**Exercise details**.
The response should repeat word for word every line below from the one with "5500 Roan Creek Road Property Photo 43" to the one with "Recopilación de mis", inclusive, and nothing else; leave pictures out.

**Material shown**.

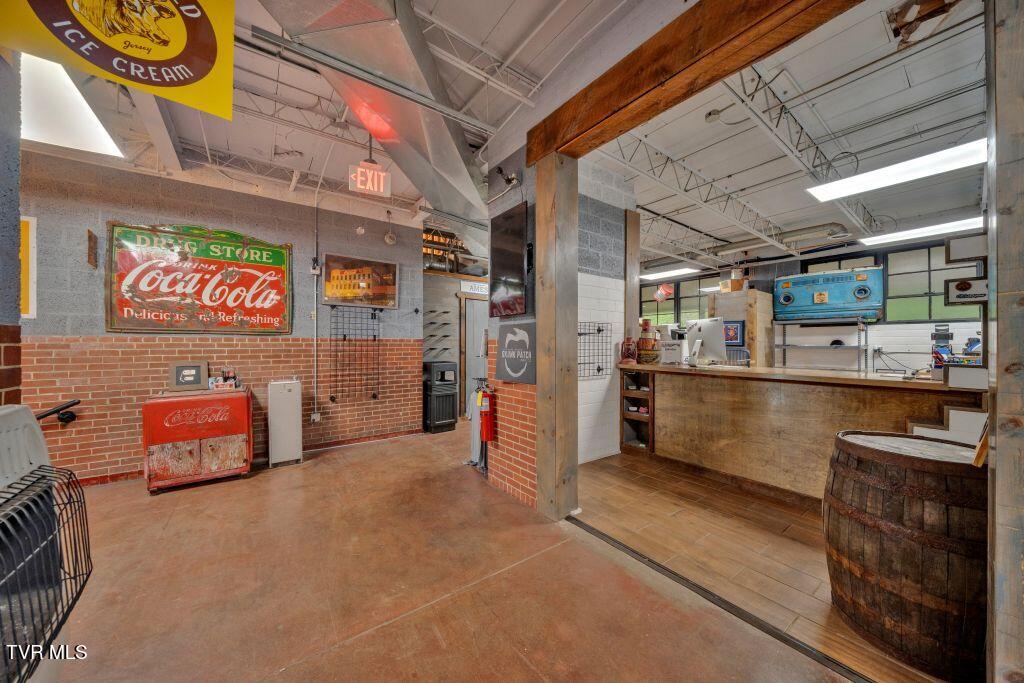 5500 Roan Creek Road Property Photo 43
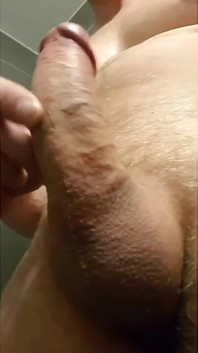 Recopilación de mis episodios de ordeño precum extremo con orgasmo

--

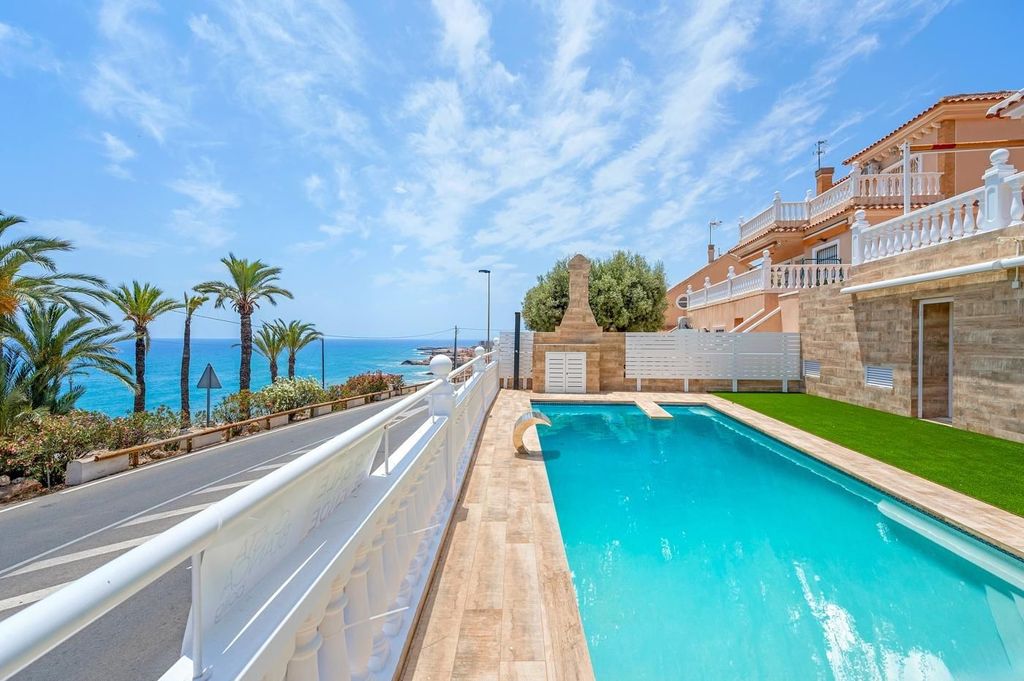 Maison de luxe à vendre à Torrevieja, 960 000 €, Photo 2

**Your solution**.
 5500 Roan Creek Road Property Photo 43
 Recopilación de mis episodios de ordeño precum extremo con orgasmo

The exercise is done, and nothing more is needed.